Friday, July 9, 2010

Co-Teaching for Effective ESL and Gen Ed Collaboration

Rita.JPGBy Rita MaAlthough our Boston TESOL Convention was months ago now, the excitement engendered by a few presentations continues to infuse my work with teachers in local schools, most notably the presentation by Andrea Honigsfeld and Maria Dove on co-teaching, based on their article ESL Coteaching and Collaboration: Opportunities to Develop Teacher Leadership and Enhance Student Learning in the March 2010 issue of TESOL Journal. In both their article and their presentation, Honigsfeld and Dove make clear the disadvantages of the pull-out model of ESL instruction and advocate a move toward selective coteaching and collaboration in the gen ed classroom. They make clear that the fragmentation in content lessons and the relative disengagement between the ELL and the classroom teacher cost ELLs dearly and slow their learning at a time when they need to be learning at twice the rate of their English-speaking peers. In response to the often-heard objection from administrators (“We can’t afford enough ESL teachers to have one in every classroom.”), they provide examples of staffing patterns that, through selective placement of students and ESL teachers, maximize the benefit of ESL teacher knowledge and skill for colleagues and students without increasing ESL teacher time or teaching load.

 

The topic of coteaching seems to be gaining interest, and I’m so glad! We have known for many years that the pull-out model is the least effective approach to ESL instruction, yet many ESL teachers and school administrators have not had the opportunity to explore alternative models. In schools where the ESL population has reached ‘the tipping point’ and everyone has had ample opportunity to experience the high cost of the pullout model (monetary cost, teacher isolation and blurred lines of responsibility, fragmentation of student learning), faculty are experimenting successfully with various models of coteaching. Rather than the “ESL teacher in every classroom’ model feared by those responsible for the school budget, we see an ESL teacher coteaching social studies in the fifth grade classroom, math in the third grade classroom, and science in the fourth grade classroom, while doing explicit instruction for low-level ELLs in a newcomers classroom.
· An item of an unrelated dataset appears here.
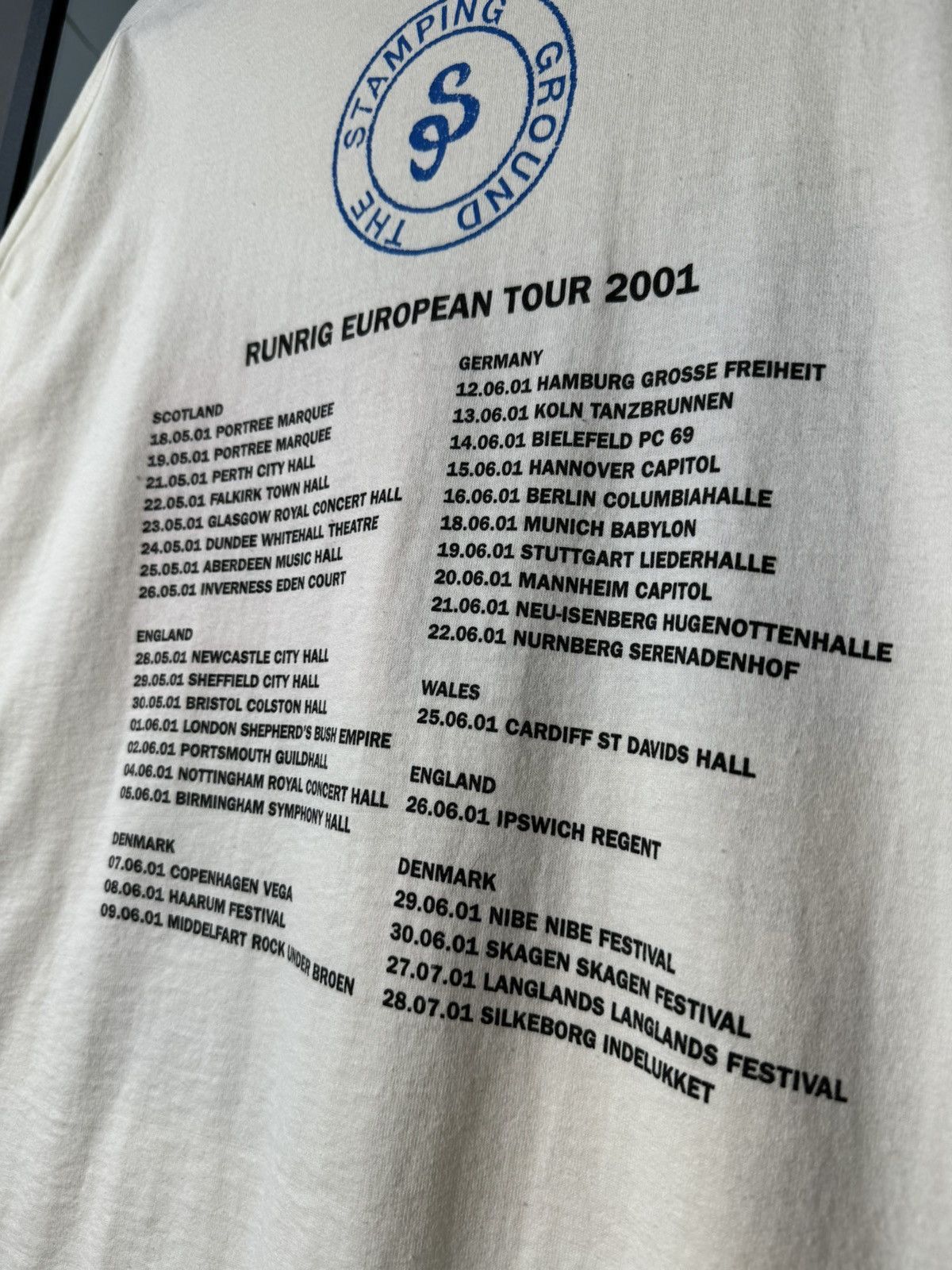 Band Tees × Vintage 2001 Runrig Tour Vintage The Stamping Ground Shirt Size US XL / EU 56 / 4 - 3 Thumbnail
This is very different from what some have called the ‘push-in’ model, where the ESL teacher gathers the ELLs into a corner and, in whispered tones, teaches something parallel to the ongoing lesson. Instead, as coteachers, the ESL and gen ed teacher plan the lesson together, mix ELLs and others into different small groups, and share responsibility for all the students in the room throughout the lesson. This way, gen ed teachers learn the scaffolding strategies needed to make lessons comprehensible and effective for ELLs, ESL teachers are able to identify and teach the necessary academic language of that content area, and all students in the room benefit from the explicit focus on language development.

 

In each setting in which I’ve coached and observed coteaching teams, teachers remark that all of their students benefitted, and both teachers express their pleasure in having learned from one another. If you’re interested in learning more, I recommend Honigsfeld and Dove’s book, Collaboration and Co-Teaching: Strategies for English Learners, to be released in August from Corwin Press. I’ll bet you’ll be as excited as I am about the new possibilities!

 

--Rita MacDonald,

Vermont State Rep.

1:46 pm edt 

Tuesday, June 1, 2010

Subbing Post-Retirement

linda.JPGI retired in June of 2009 as the ESL teacher of the Wells-Ogunquit CSD.  It’s been a good year with a first visit to Italy and lots of grandparent time.
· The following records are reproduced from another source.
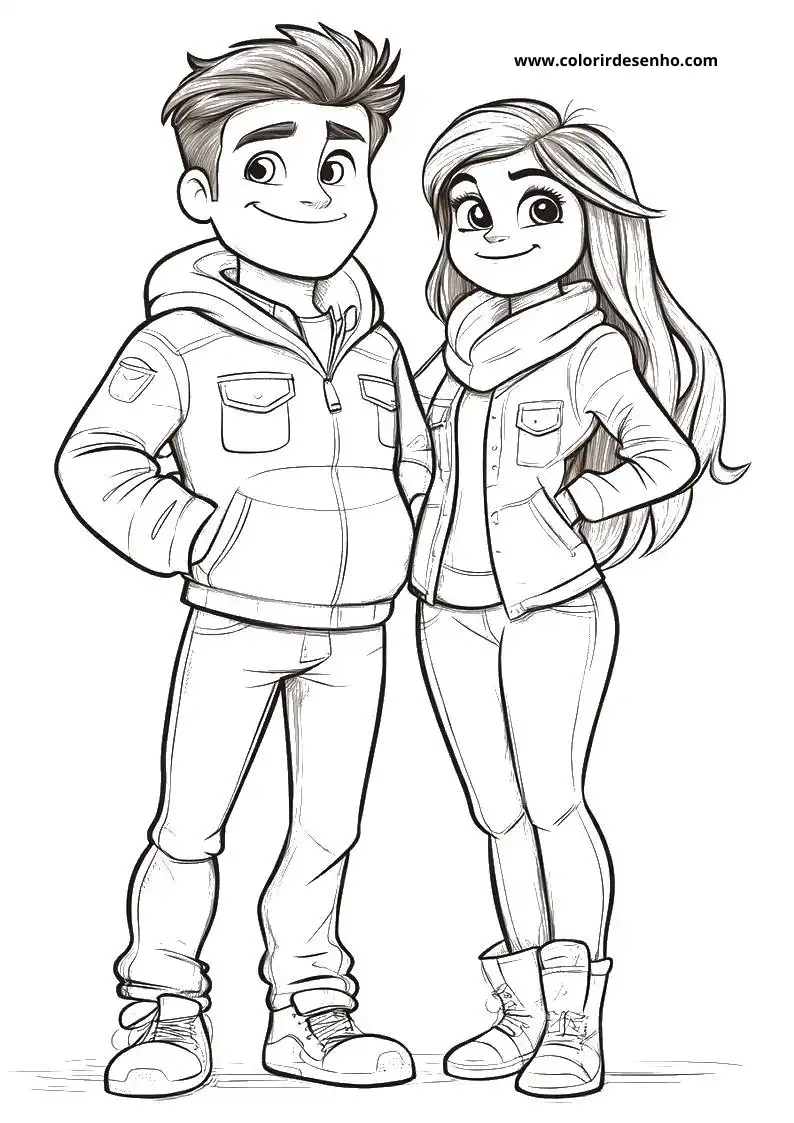 Beautiful Couples Coloring Pages 4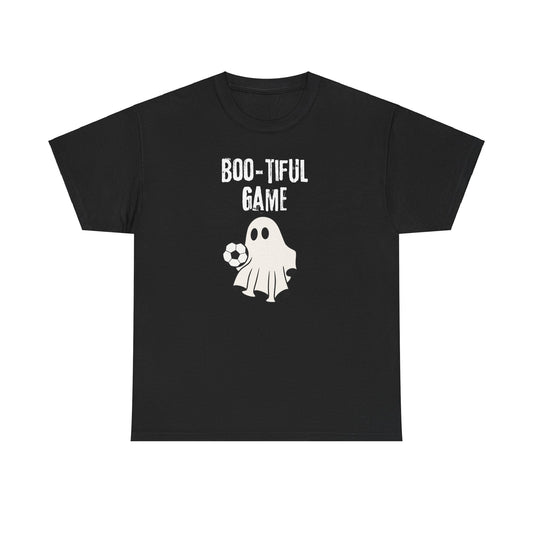 Boo-tiful Game, Soccer Ghost Unisex Heavy Cotton Tee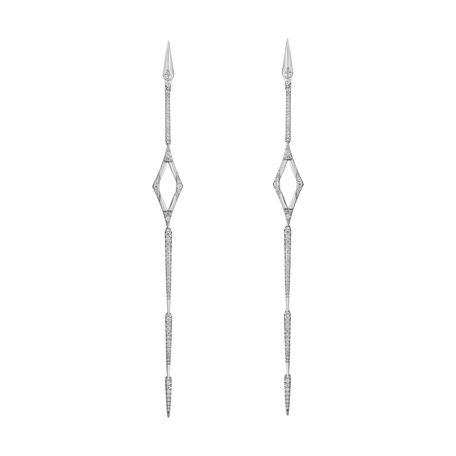 Diamond earrings Charming Spear
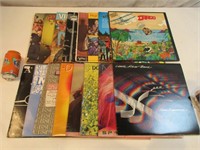 Lot de 16 vinyles mixtes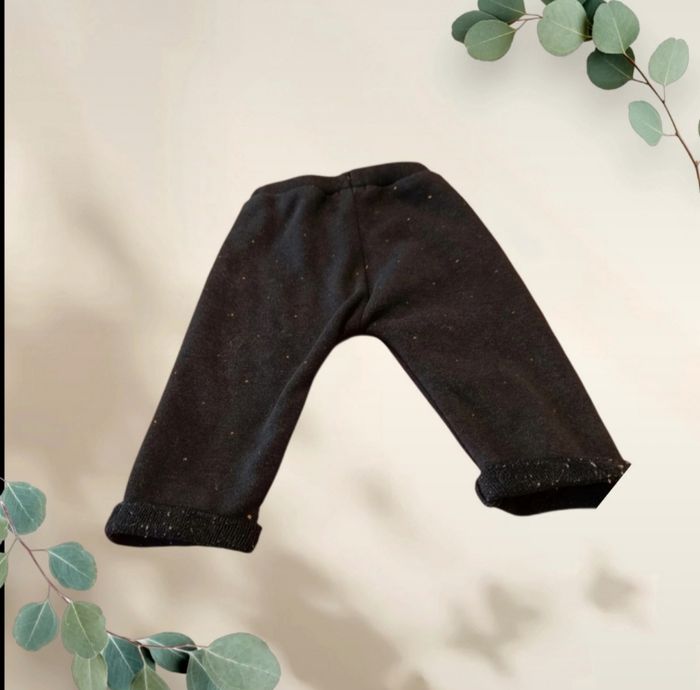 Pantalon/Legging Bébé Fille 6 Mois - KIABI Noir Mouchetée - photo numéro 2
Last month, one of our most giving and steadfast members, Ruth Dater, asked me to substitute for her for the last three weeks of school because she was scheduled for a knee operation in late May. 

“You’ll love my little kids,” she said.  Not needing any more persuasion than that one statement, I took the job. 

Now I knew that Ruth teaches in the Berwicks and also in Lebanon.  What I didn’t know is how spread out these southern Maine towns are.

Last Monday and Tuesday I job-shadowed Ruth.  We drove to Lebanon on Monday, which is very close to the Maine/New Hampshire border.  After spending the day with her students there, we did the Berwicks on Tuesday.  I quickly saw that Ruth puts in long, arduous days just getting to her students and then spending quality time with each one of them.  All together she sees students in five different schools in three separate towns.

“How am I ever going to find all these schools?”  I thought to myself.  Not to worry!  Ruth was methodical about giving me directions, using the “show and tell” method.  She even drew me a map, which I resorted to on one occasion later in the week when I was on my own.

As far as teaching her ESOL students goes, I’m having a wonderful experience with her K through 8 “little kids.”  Of course, some aren’t so little, but they’re all dear, I’m finding out.  I don’t need to make up lesson plans because Ruth has been meticulous in her planning.  Her kids are self-motivating learners, by and large.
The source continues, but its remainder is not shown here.